● **To do**:
Exact copy, no pictures: every line from the one that contains "Crysis 2 Limited Edition NTSC-J PS3" through the end of the data below, and nothing else.

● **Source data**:
====

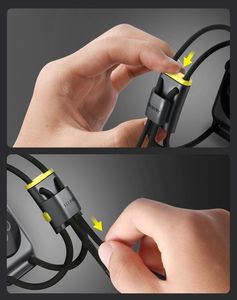 Baseus Pasek Baseus Lets Go do Apple Watch 3/4/5 42 mm / 44 mm (szaro-żółty) 15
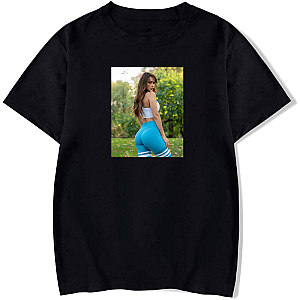 Yanet Garcia Embrace Your Curves Yanet Garcia T-Shirts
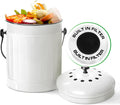 Plexon Countertop Compost Bin Kitchen by Plexon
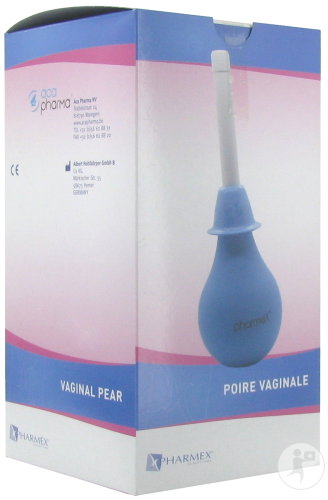 Pharmex Poire Vaginale Luxe Double Emploi 1 Kit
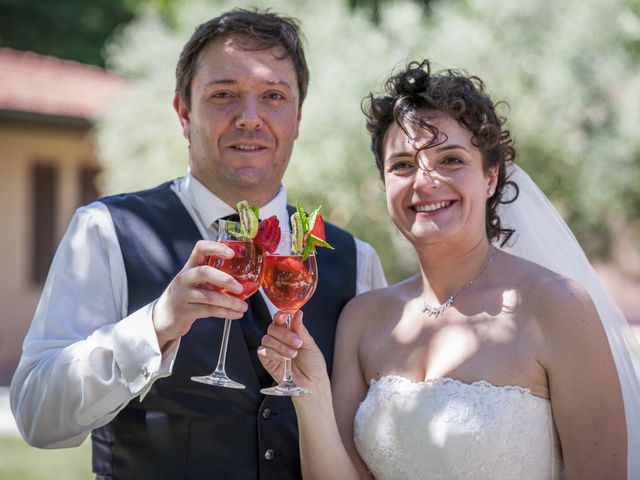 Il matrimonio di Luca e Sarah a Montieri, Grosseto 111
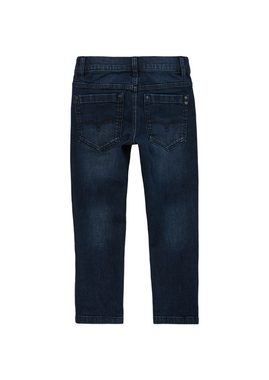 s.Oliver 5-Pocket-Jeans Jeans Brad / Slim Fit / Mid Rise / Slim Leg Waschung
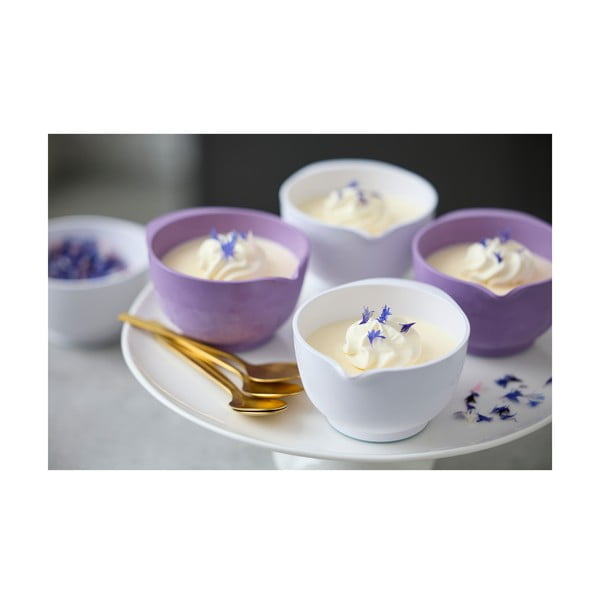 Bijele zdjele u setu 4 kom ø 23 cm Margrethe – Rosti-image-1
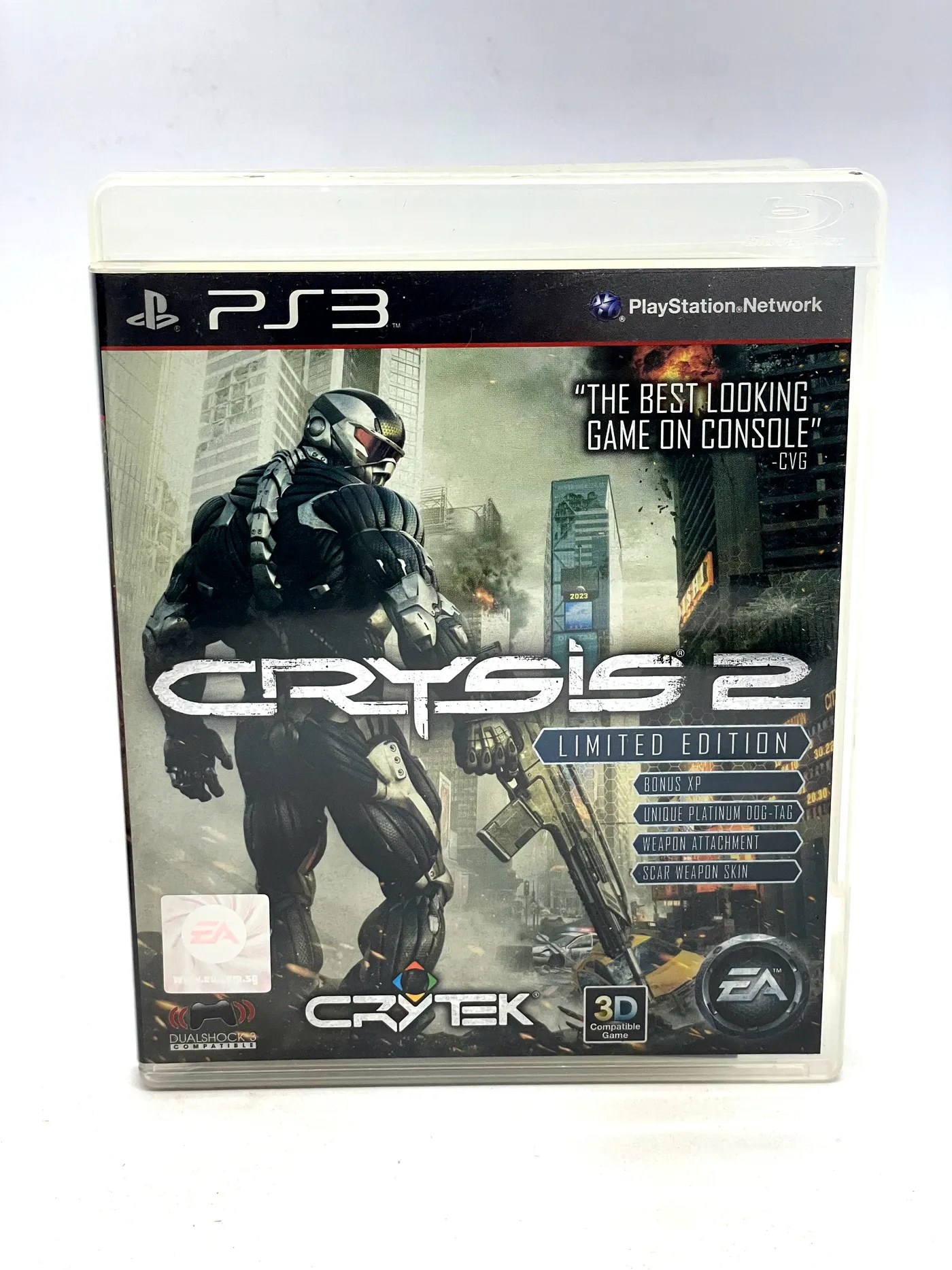 Crysis 2 Limited Edition NTSC-J PS3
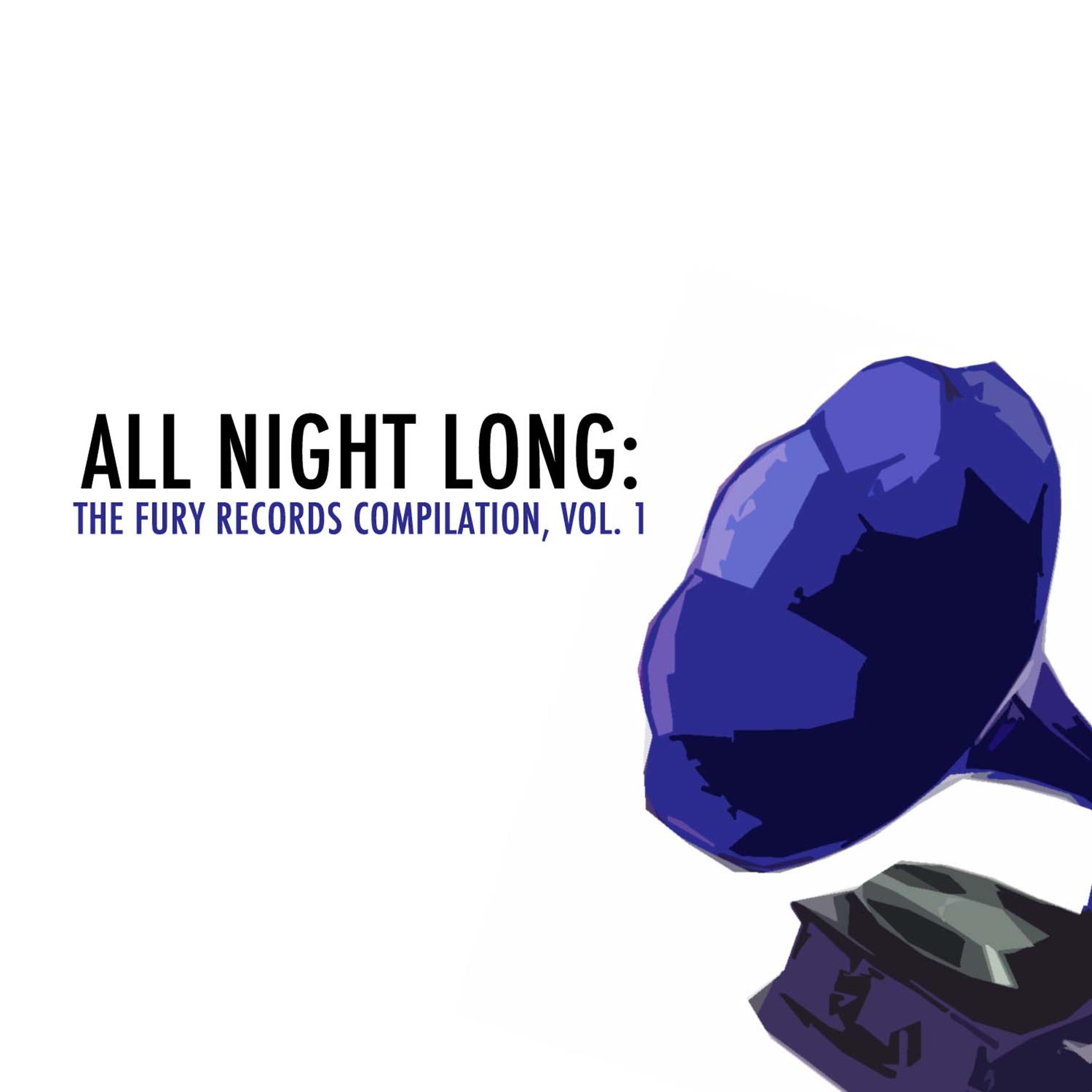Постер альбома All Night Long: The Fury Records Compilation, Vol. 1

====

● **Solution to this task**:
 Crysis 2 Limited Edition NTSC-J PS3
Постер альбома All Night Long: The Fury Records Compilation, Vol. 1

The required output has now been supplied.